## PROBLEM TO WORK ON
In the records below, find the line containing "Kat von D lock it setting powder" and the line containing "SHEIN Tops - SHEIN". Give again exactly those lines and every line between them, omitting the pictures.

## EXERCISE DATA

--

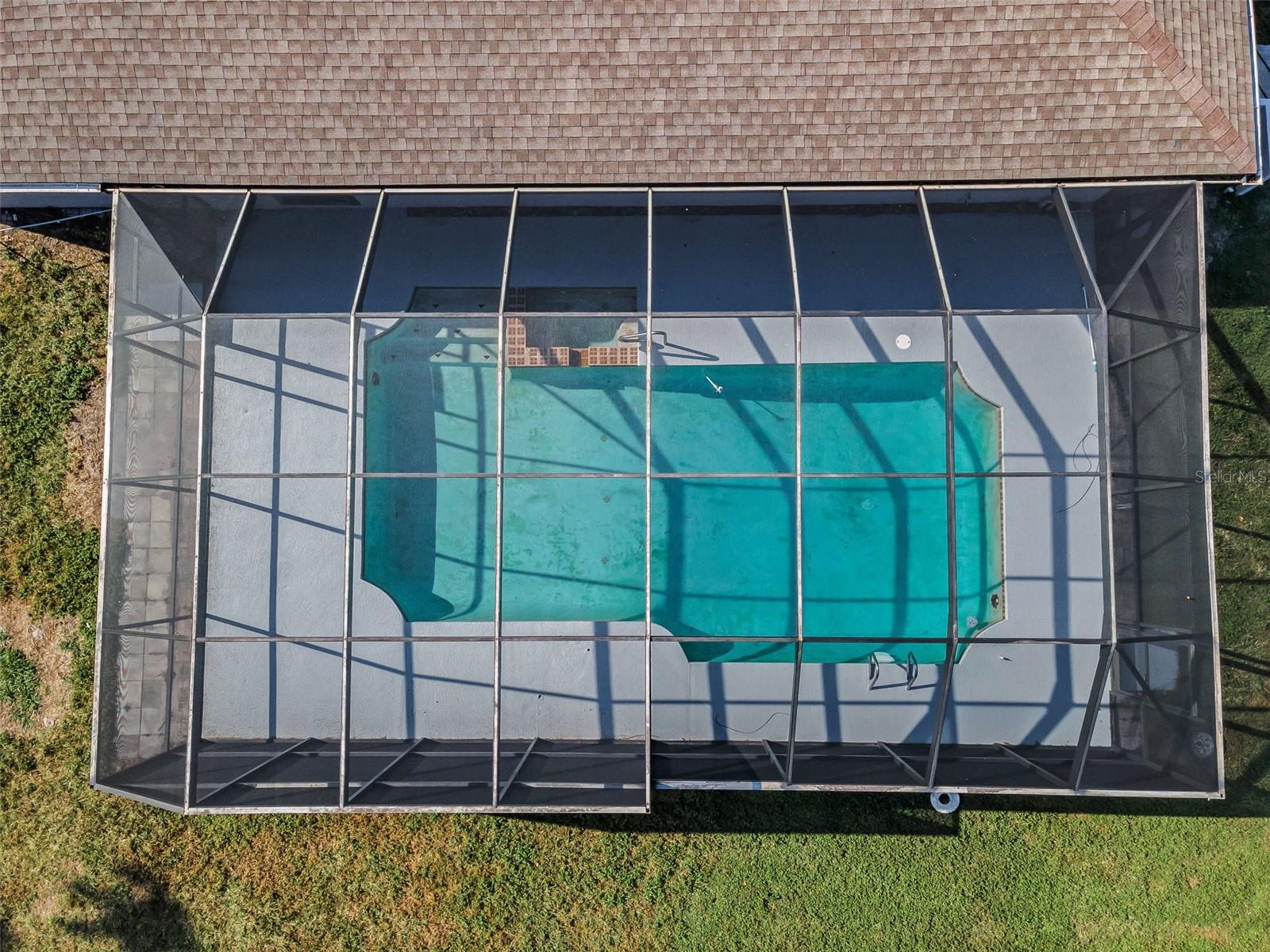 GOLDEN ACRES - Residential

--

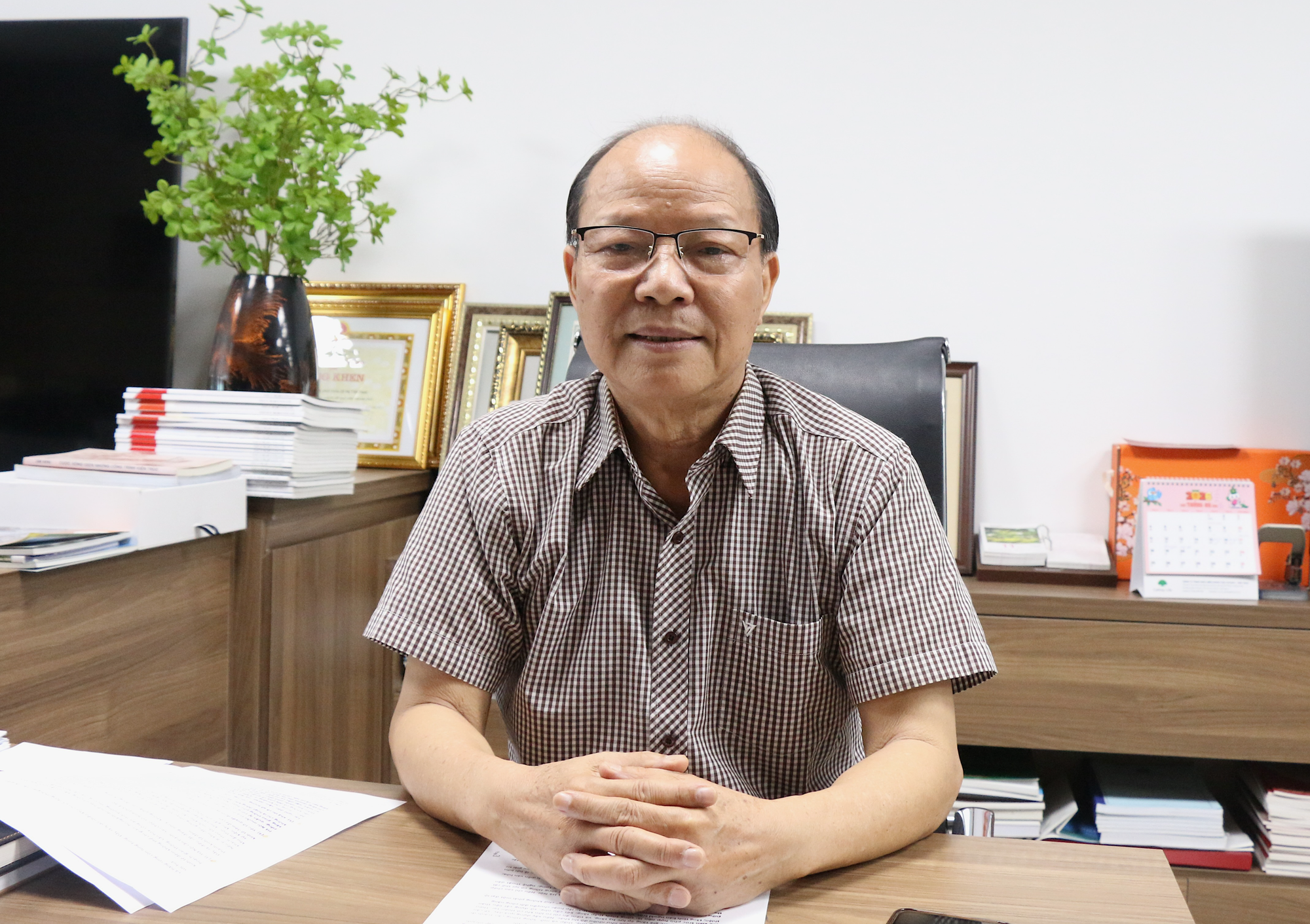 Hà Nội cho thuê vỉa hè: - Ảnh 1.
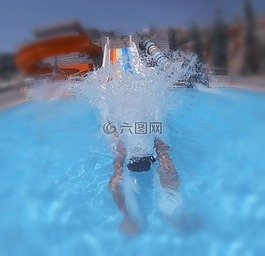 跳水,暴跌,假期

--

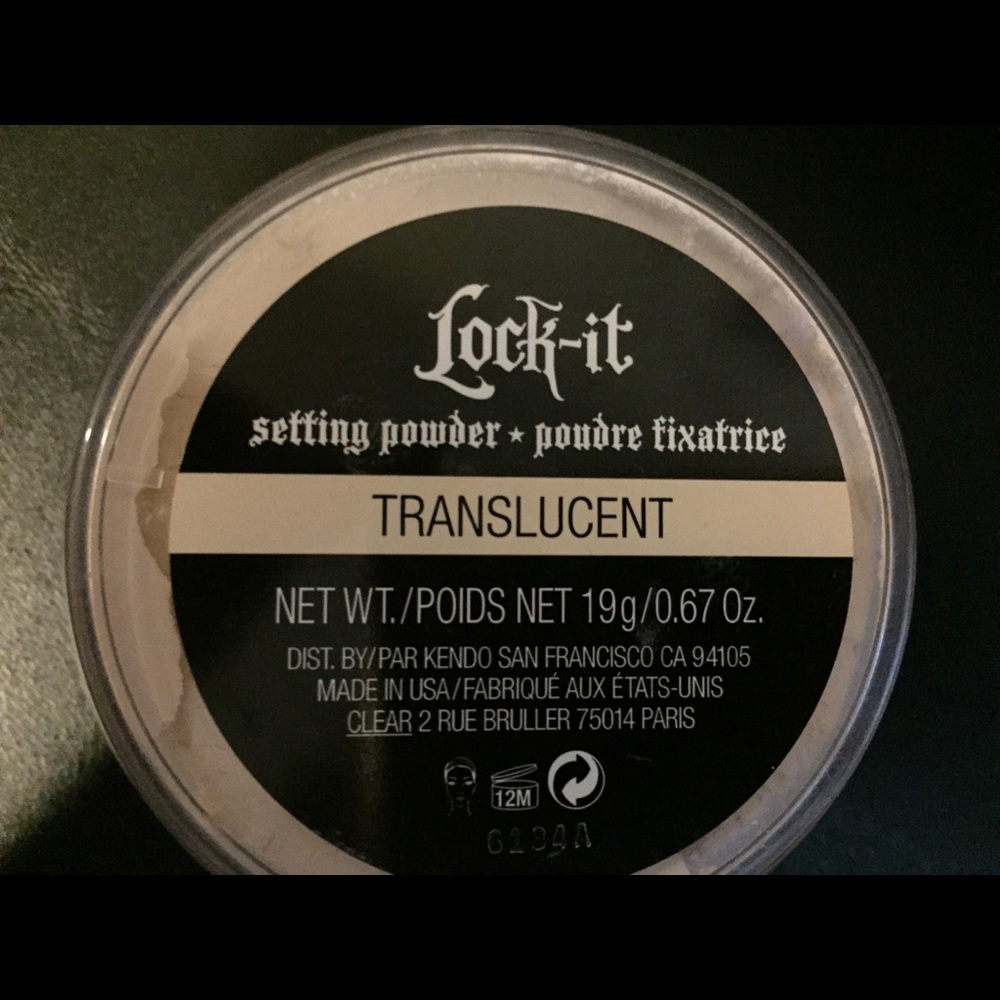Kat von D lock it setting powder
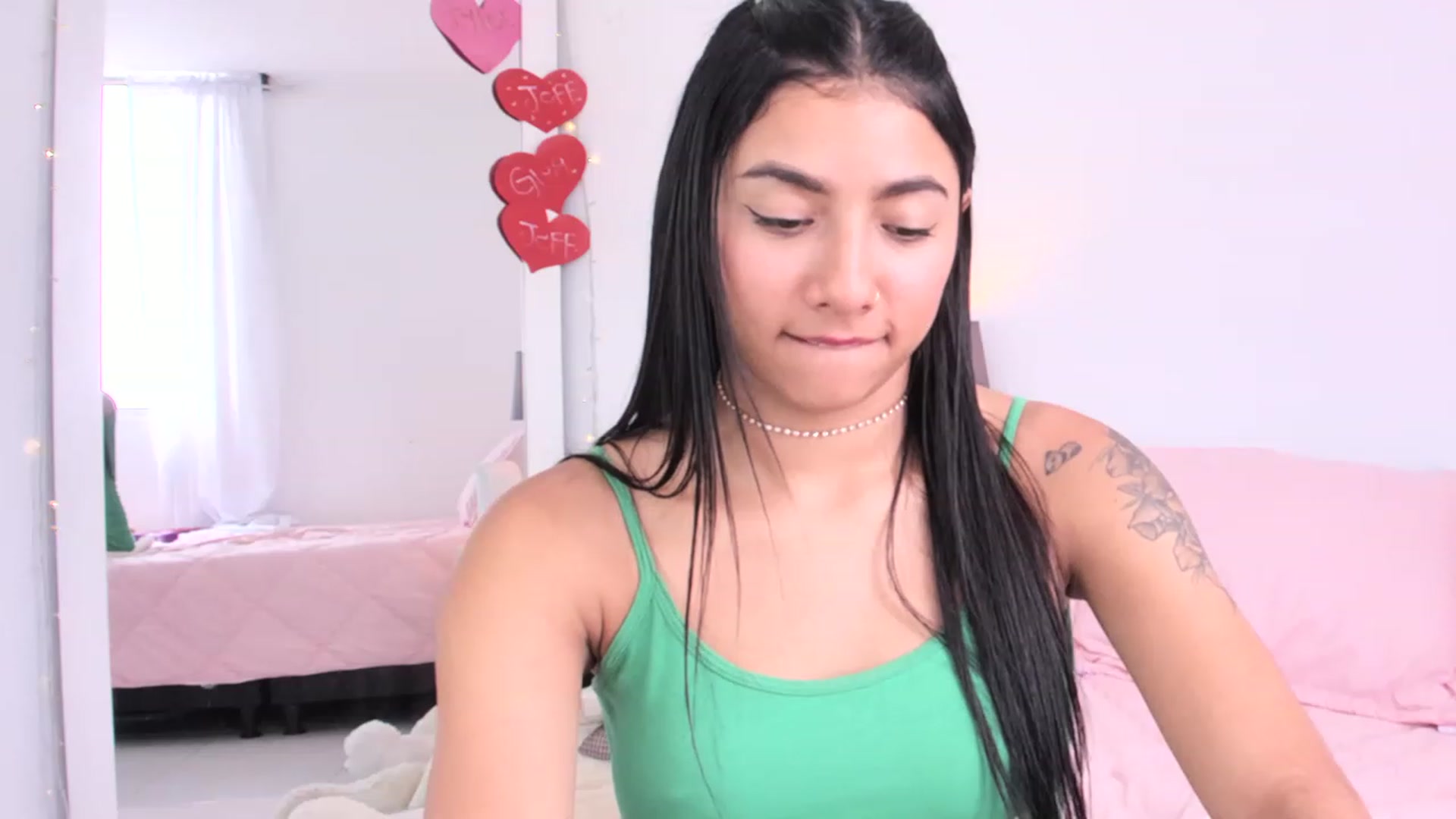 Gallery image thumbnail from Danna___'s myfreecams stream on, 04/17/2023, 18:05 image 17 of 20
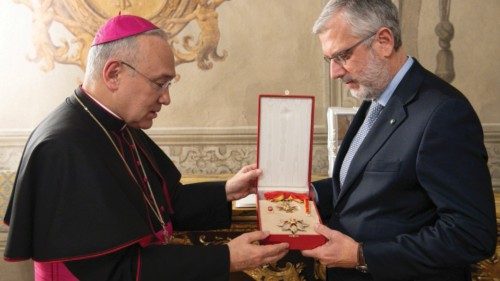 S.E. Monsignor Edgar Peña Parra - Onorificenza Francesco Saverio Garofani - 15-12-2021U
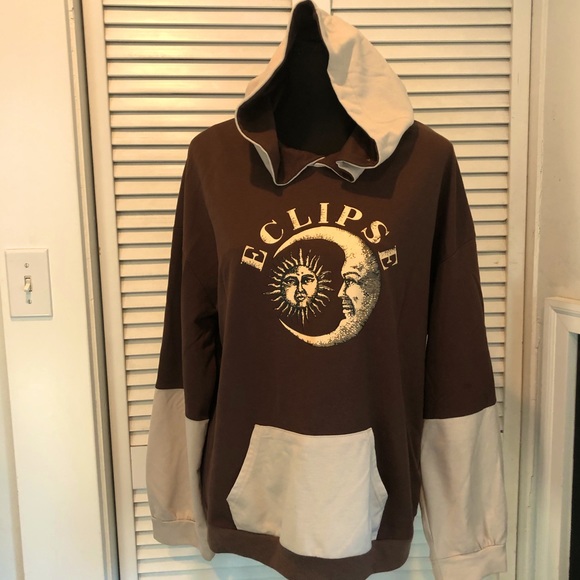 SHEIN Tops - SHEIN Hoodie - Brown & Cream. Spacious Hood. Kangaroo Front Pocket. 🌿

--

## RESULT FOR THIS EXERCISE
Kat von D lock it setting powder
 Gallery image thumbnail from Danna___'s myfreecams stream on, 04/17/2023, 18:05 image 17 of 20
 S.E. Monsignor Edgar Peña Parra - Onorificenza Francesco Saverio Garofani - 15-12-2021U
 SHEIN Tops - SHEIN Hoodie - Brown & Cream. Spacious Hood. Kangaroo Front Pocket. 🌿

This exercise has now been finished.